Peace, Order and Good Government

“Peace, order and good government” are the words used in section 91 of the British North America Act of 1867 (now Constitution Act, 1867) to define the Canadian Parliament’s lawmaking authority in relation to provincial authority. The phrase’s vague and broad definition of Parliament’s authority over provincial matters has caused tensions between federal and provincial governments over the scope of powers since Confederation. It has come to be considered the Canadian counterpart to the United States’ “life, liberty and the pursuit of happiness.”

Conference at Québec
Conference at Québec in 1864, to settle the basics of a union of the British North American Provinces. James Ashfield copy of an 1885 painting by Robert Harris.

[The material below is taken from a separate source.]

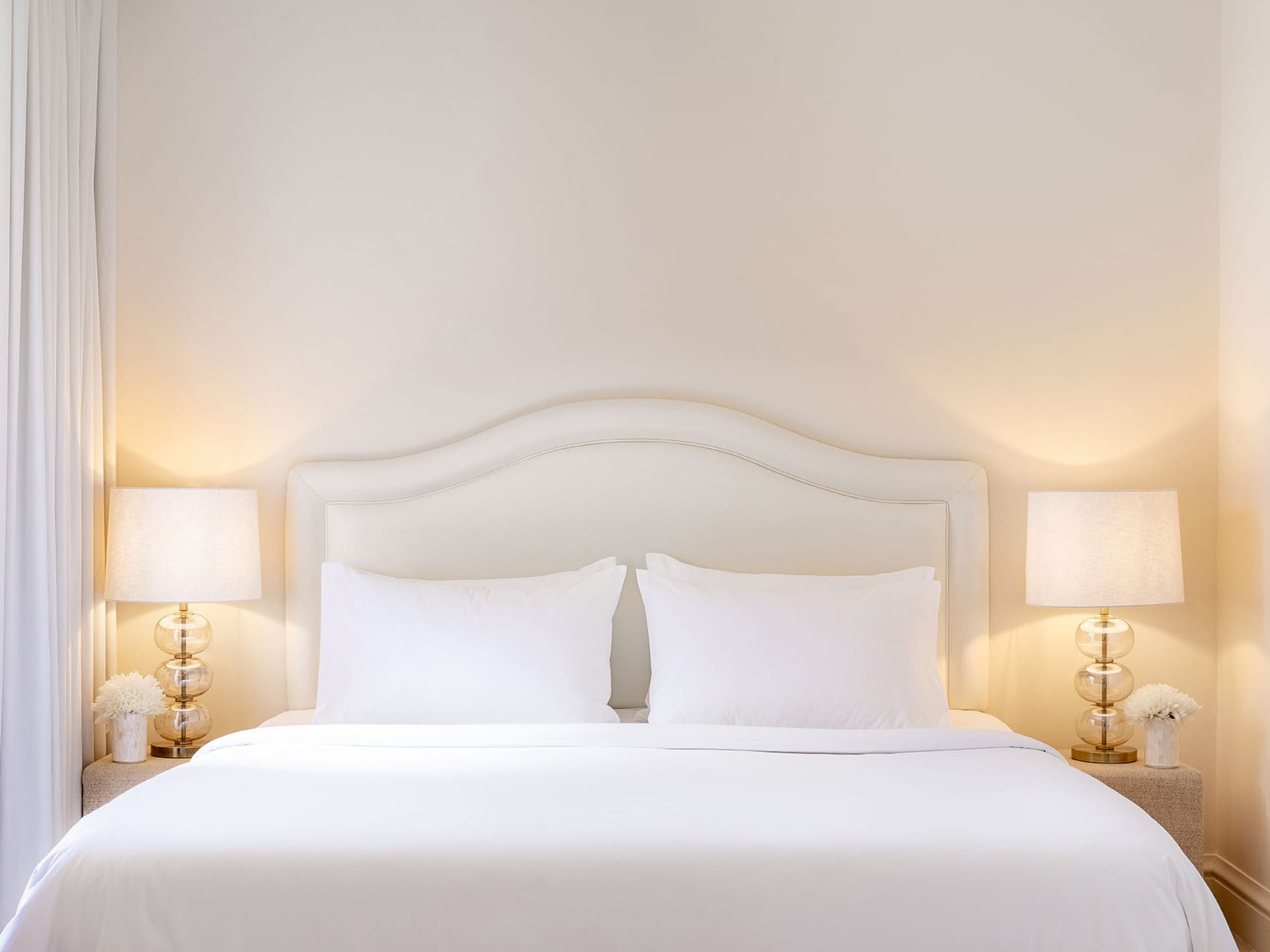 Double Guestroom Landscape View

The phrase “peace, order and good government” has historically been used in a British colonial context to confer legislative authority (the power to make laws) to local bodies. The New Zealand Constitution Act of 1852, the Commonwealth of Australia Constitution Act of 1900, the South Africa Act of 1909 and the Government of Ireland Act of 1920 all use the phrase. In Canada, variants such as “peace, welfare and good government” appear in the Royal Proclamation of 1763, the Quebec Act of 1774, the Constitutional Act in 1791 and the Act of Union in 1840–41. “Peace, order and good government” first appeared in Canada with the Proclamation of British Columbia in 1858.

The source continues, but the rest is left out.